Humans typically have 3 kinds of cones. Having three different kinds of cones makes humans “trichromats”. There is, however, at least one confirmed case of a tetrochromat human! Other animals have even more cone categories. Mantis shrimp have sixteen different kinds of cones.

Each kind of cone is labelled by the range of wavelengths of light they are excited by. The standard labelling is “S”, “M”, and “L” (short, medium, long).

These three curves indicate how sensitive the corresponding cone is to each wavelength. The highest point on each curve is called the “peak wavelength”, indicating the wavelength of radiation that the cone is most sensitive to.

Let’s see how our cones process the light bouncing off the lemon in my hand.

By looking at the normalized areas under the curves, we can see how much the radiation reflected from the real lemon excites each of cones. In this case, the normalized excitations of the S, M, and L cones are 0.02, 0.12, and 0.16 respectively.
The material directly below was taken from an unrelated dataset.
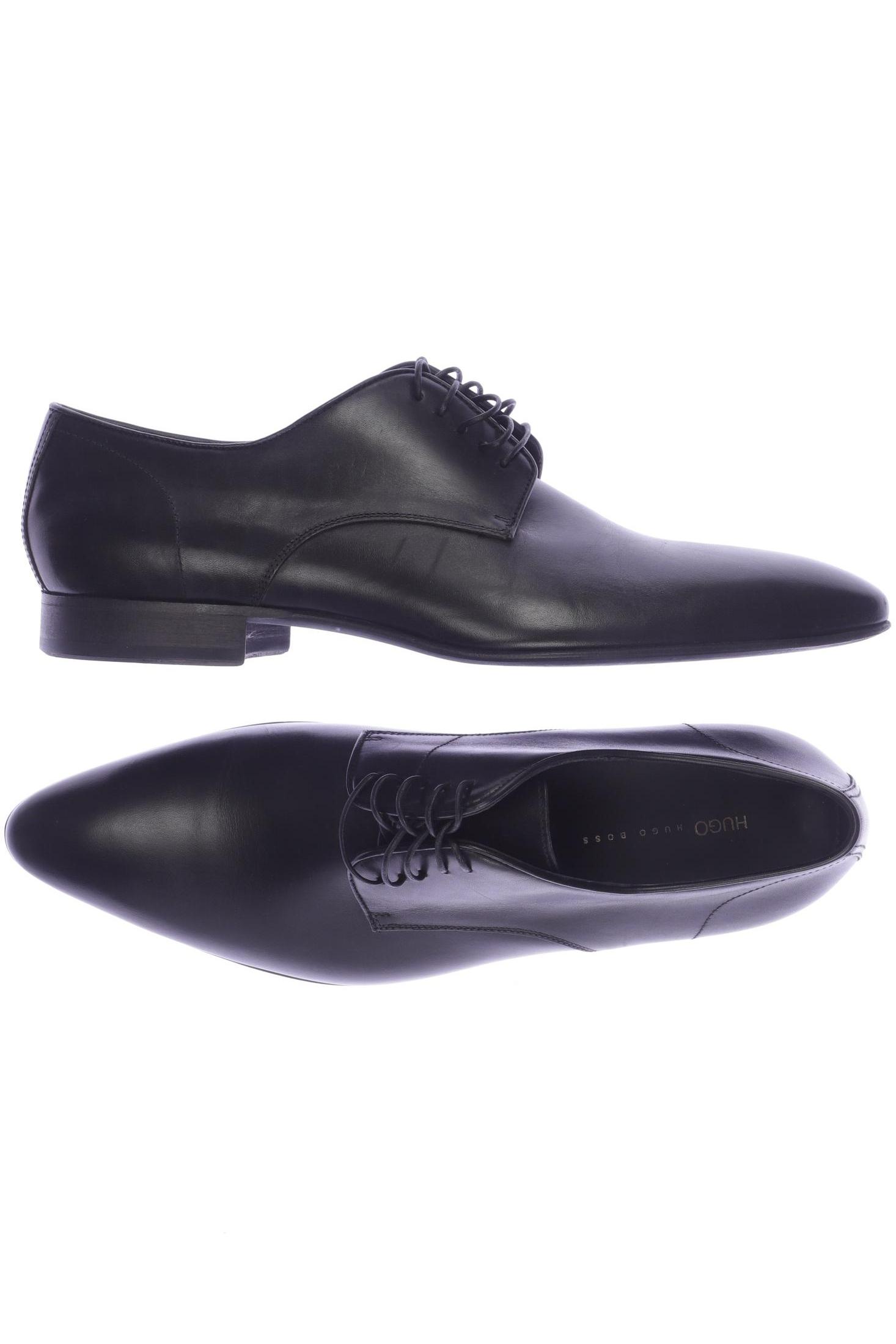 

HUGO by Hugo Boss Herren Halbschuh, schwarz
Now let’s repeat the process for the on-screen lemon.

Despite having totally different radiation spectra reaching the eye, the cone excitations are the same (S=0.02, M=0.12, L=0.16). That’s why the point on the real lemon and the point on the digital lemon look the same to us!

The normalized cone area under the stimulation curves will always be equal for all 3 cone types in the case of metamers.
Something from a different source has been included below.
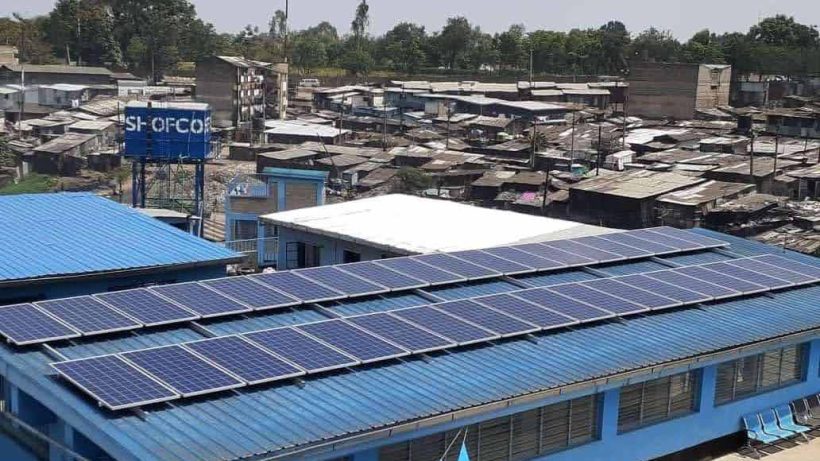 Solar Water Pumping in Kibra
Our 3 sets of cones reduce any spectral flux curve $$\Phi_e(\lambda)$$ down to a triplet of three numbers $$(S, M, L)$$, and every distinct $$(S, M, L)$$ triplet will be a distinct color! This is pretty convenient, because (0.02, 0.12, 0.16) is much easier to communicate than a complicated continuous function. For the mathematically inclined, our eyes are doing a dimensional reduction from an infinite dimensional space into 3 dimensions, which is a pretty damn cool thing to be able to do subconsciously.

This $$(S, M, L)$$ triplet is, in fact, our first example of a color space.

Color spaces

Color spaces allow us to define with numeric precision what color we’re talking about. In the previous section, we saw that a specific yellow could be represented as (0.02, 0.12, 0.16) in the SML color space, which is more commonly known as the LMS color space.

Since this color space is describing the stimulation of cones, by definition any human visible color can be represented by positive LMS coordinates (excluding the extremely rare tetrachromat humans, who would need four coordinates instead of three).

But, alas, this color space has some unhelpful properties.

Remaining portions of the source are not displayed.